Categories: January through March 2015, Uncategorized | Tags: , , , , , , , , , , , , , , , , | Leave a comment

This and that from re Thai r ment, by 3Th. 28 Pepe 0002 (November 14, 2013)

 

TODAY FROM AMERICA:

A. POOKIE’S ADVENTURES IN EL DORADO HILLS:

Halloween came and went leaving behind a bag of assorted candies through which I rummage several times a day searching for a piece of chocolate that I then happily devour.

Halloween I spent at a remote subdivision in Cameron Park, a town a bit further into the foothills than El Dorado Hills. There I watched greedy little children and some adolescents rush from house to house begging for candy, oblivious to anything else. The residents of the subdivision took their Halloween seriously. They sat costumed in their driveways beside large bonfires and behind tables burdened with candies for the children and drinks for the adults. Huge automatons (e.g. a twelve-foot tall animated figure of the Headless Horseman) and sculptures, emerging from the fogs of mist making machines stood blinking and moving awkwardly on the lawns.

****************************

Fall has finally come to the foothills. The yellow-leaved trees have now come out among the red. The lawns and streets fill up with fallen brown leaves. As I walk along the breeze twists the leaves from the branches and they drift on to the lawns and streets like slow motion snow. Yellow, orange, red and brown the colors of Autumn. I guess I could describe the scientific process by which the leaves turn color or the metaphors it represents but I leave that to the reader. To me fall has never meant an ending but a fulfillment. Perhaps the drunken poet was wrong and we should go softly into that dark night. Nah, what would be the purpose of that? You might as well scream. It will be the last chance you get.

It is quite chilly on the mornings but in the afternoons it warms up enough for me to still sit on the porch in the sun and drift off to sleep.

*****************************

I spend my days now a bit like a part-time messenger, picking up or dropping off things for Dick or Hayden. I find it quite enjoyable. Traveling here and there, spending a few moments on whatever business I was directed to do and then traveling on. Hermes, the messenger of the gods, had a pretty good gig.

********************************

A few days ago I learned that, distressingly Triple H has slipped completely into the dark side. After conning me out of a few dollars on bets he could not lose, I overheard him on the telephone cadge some more money from SWAC in order to buy LEGO kits and SKYLANDER characters. Following his phone call he turned to me and said, “I am a money ninja. I do not give up until they agree just to be rid of me.” I thought it was time for some parental guidance on the subject, but I was so shocked I did not know what to say.

**********************************

My doctor just told me that I need to stop spending so much time alone and need to get out more and socialize. In the interim he increased my happy pill dosage.

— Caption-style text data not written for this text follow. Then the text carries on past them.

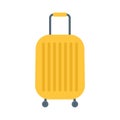 Yellow suitcase isolated on a white background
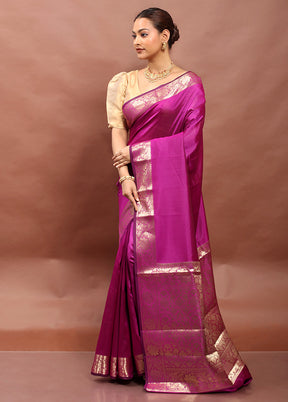 Purple Dupion Silk Saree With Blouse Piece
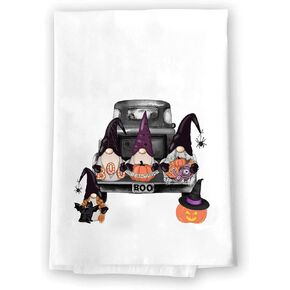 Halloween Decoration | Fall Kitchen Towels | Hand Towels For Bathroom | Pumpkin Decor | Gnome Witch Bat Black Cat Orange | Harvest Thanksgiving Halloween Decorations For Home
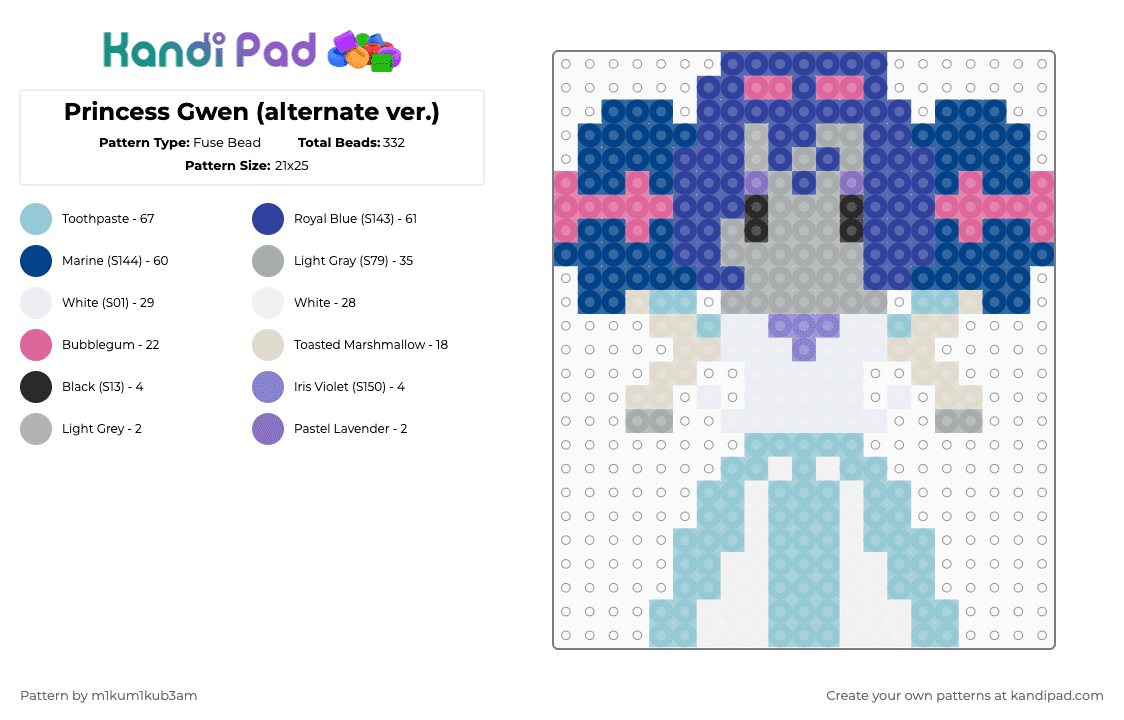 Princess Gwen (alternate ver.) - Fuse Bead Pattern by m1kum1kub3am on Kandi Pad - purple,blue,light blue,kog,knights of guinevere,chibi
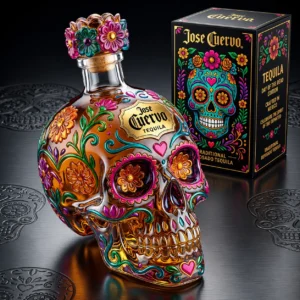 Jose Cuervo Day of the Dead Tequila Bottle Collector Edition - full product display with gift box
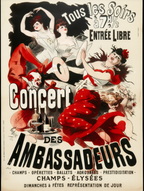 Concert des Ambassadeurs by Jules Chéret – Belle Époque French Poster Art Print - Hakyarts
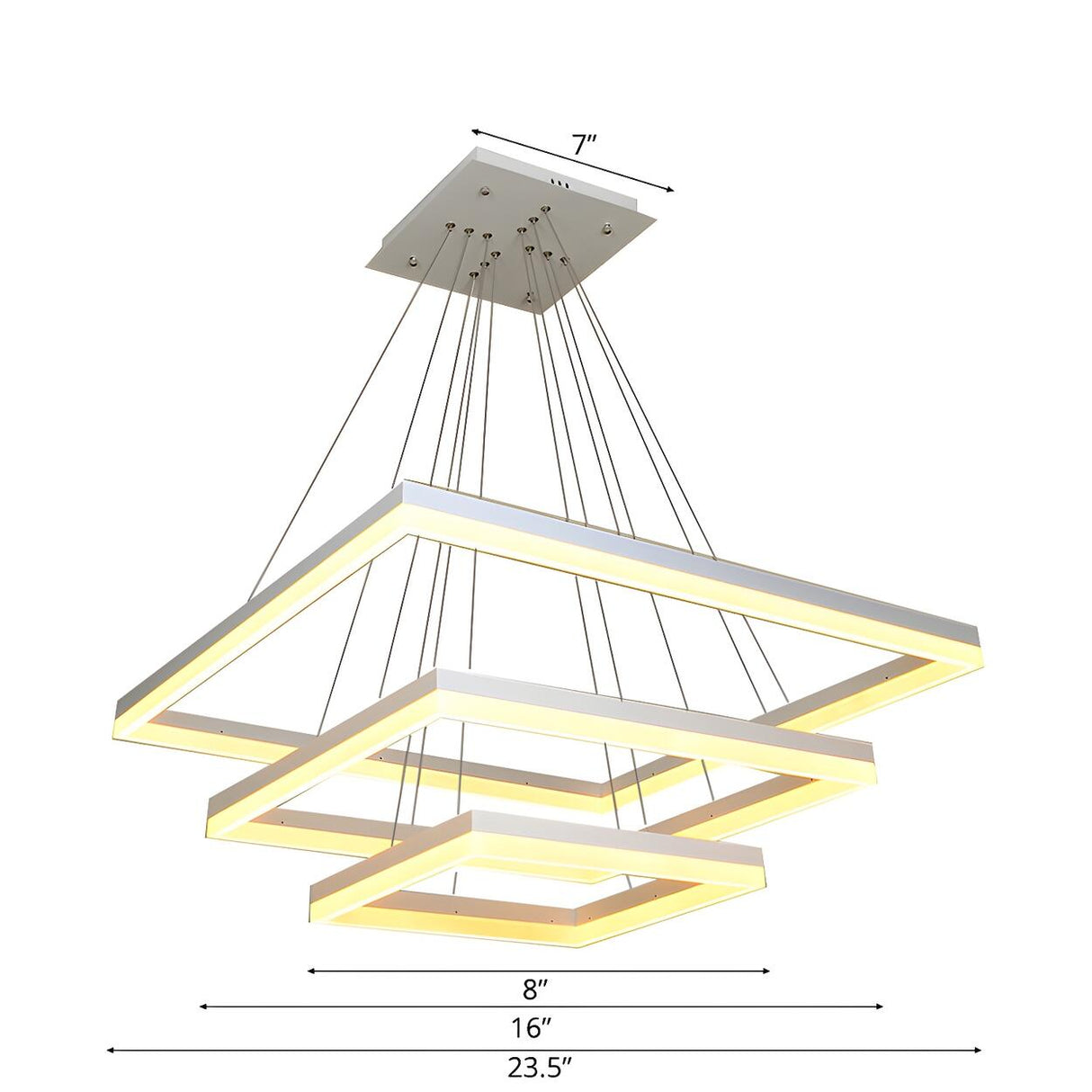 Modern Tiered Square Acrylic LED Pendant Light Chandelier Image - 5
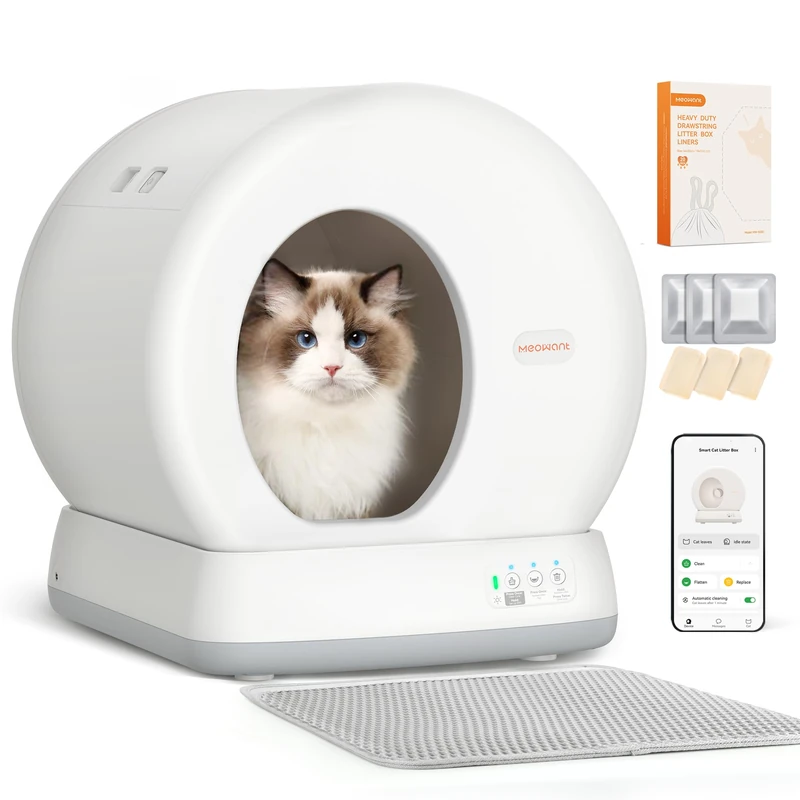 MeoWant Self Cleaning Cat Litter Box, Automatic Cat Toilet, Anti-Pinching, Closed Litter Tray for Large and Multiple Cats, APP Control, Robot Litter Tray, Odor Litter with Mat - Image 1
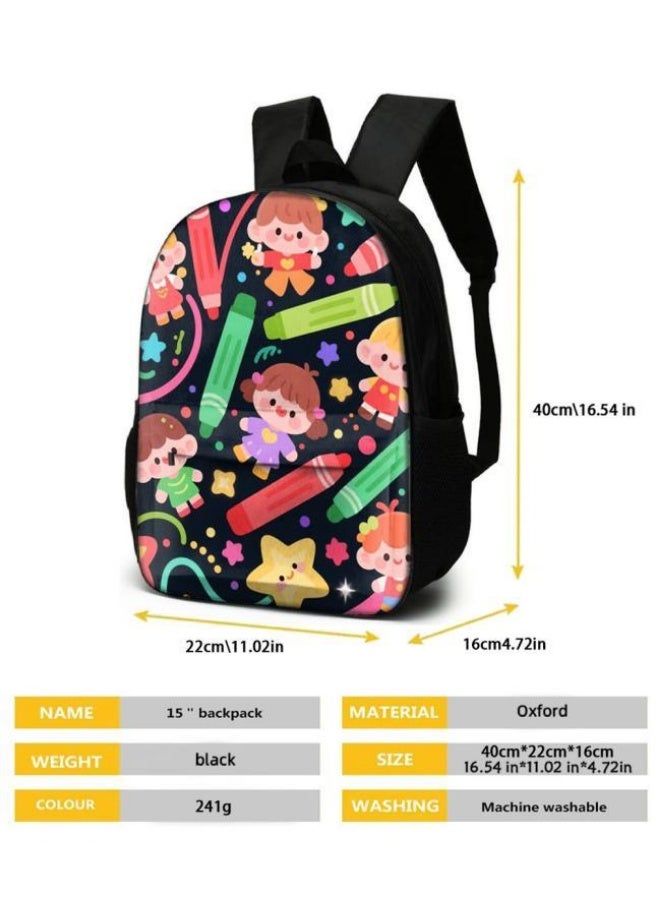 Bright Li Fire Unlock the new fashion of childish fun! Three-piece set of bags, cartoon elements for children and teenagers (students, children, friends' outings, mountain climbing, schooling, etc. can be used) - 6  - Image 5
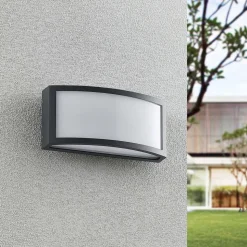 Lindby Jakari LED buiten wandlamp, hoekig, wit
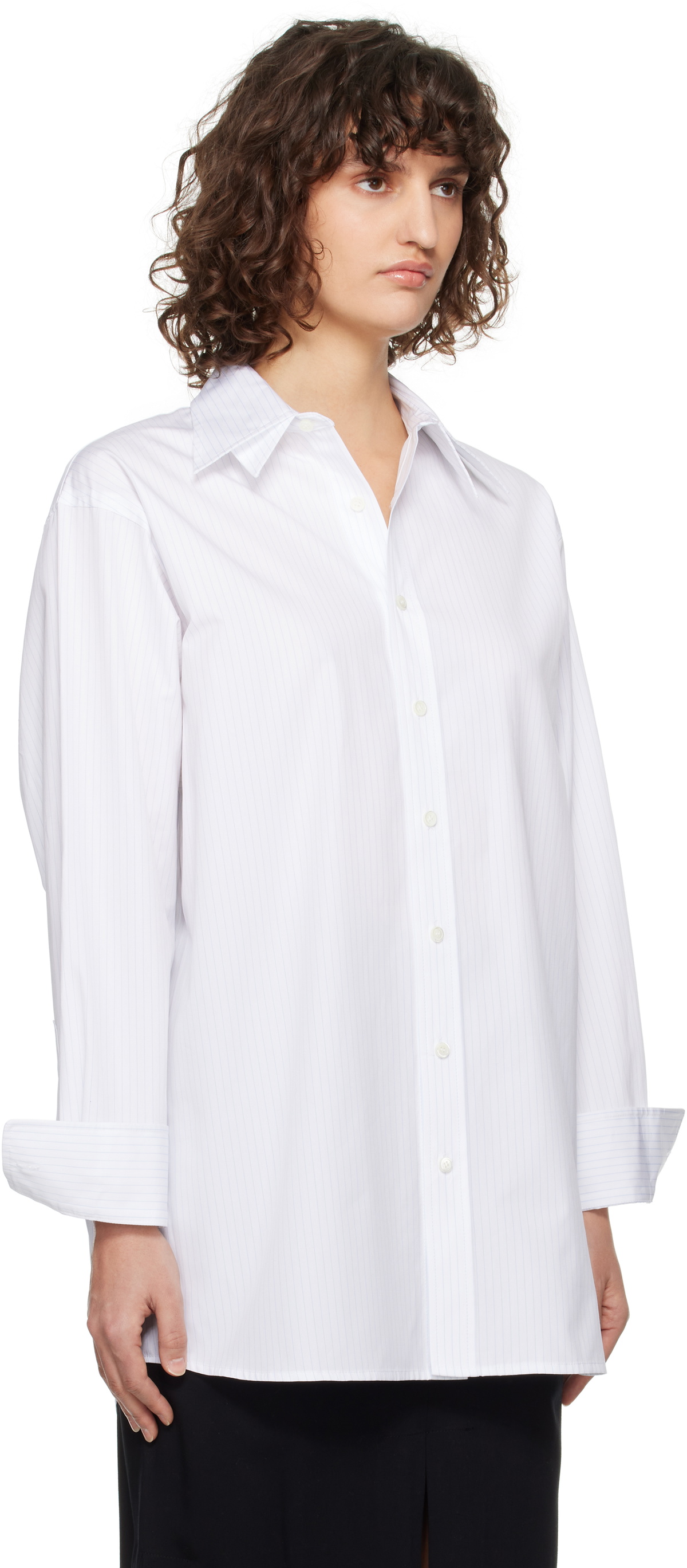 RECTO White Double Collar Stripe Shirt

***********************************

 

JOEY’S NEW MYSTERY NOVEL:

ENTER THE DRAGON

She stopped about 10 feet from our car. “Where are you going,” she said?

“Uh, my name is Matthew Dragoni, I’m an attorney and accompanying my client to meet with someone.”

“I know who you are. Who are you planning to meet with?

It came back to me. She was the Deputy Sheriff that had something to do with the investigation of the unpleasantness at my ex law firm a few years back. I could not remember her name and I could not read her name tag pinned to her uniform. A second uniform detached itself from the group standing by the house and began walking toward us just as the doors to the Ambulance were slammed shut and the emergency personnel jumped into the front seats.

“Uh, look here sheriff,” the name came back to me, Meg, something or other, Polan I think. “I am happy to answer your questions but I really have to know what this is all about.”

Mavis who had rolled down the rear window now shouted “Oh my God, has something happened to Mark?”

“Please get out of the car all of you,” Meg ordered. She placed her hand on her gun just as the second Deputy arrived and the Ambulance took off and headed our way, lights flashing and siren screaming.

“Ok, kids get out slowly hands where they can see them, I said to my passengers. “From here on Mavis please shut up,” I warned sotto voce.

The ambulance passed the two officers and disappeared over the rise. “Ok were getting out,” I shouted. “But I still insist in knowing what this is all about.”

As soon as we got out of the call Meg turned towards Mavis and asked, “What is your relationship to this… ah Mark.”

I quickly put my hand on Mavis’ shoulder to stop her from talking and said, “You know better than that deputy.”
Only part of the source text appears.